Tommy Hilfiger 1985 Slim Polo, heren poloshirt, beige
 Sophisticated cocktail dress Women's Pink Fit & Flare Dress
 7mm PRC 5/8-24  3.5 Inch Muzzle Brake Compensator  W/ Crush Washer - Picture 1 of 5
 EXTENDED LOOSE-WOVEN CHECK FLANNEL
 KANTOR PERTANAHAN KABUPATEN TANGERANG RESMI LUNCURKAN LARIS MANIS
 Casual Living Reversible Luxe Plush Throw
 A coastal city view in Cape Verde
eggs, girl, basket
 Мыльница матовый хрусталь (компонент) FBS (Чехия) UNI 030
⁂
An exact copy of the lines from the one containing "KANTOR PERTANAHAN KABUPATEN" through the end of the data above is the whole answer.

 KANTOR PERTANAHAN KABUPATEN TANGERANG RESMI LUNCURKAN LARIS MANIS
 Casual Living Reversible Luxe Plush Throw
 A coastal city view in Cape Verde
eggs, girl, basket
 Мыльница матовый хрусталь (компонент) FBS (Чехия) UNI 030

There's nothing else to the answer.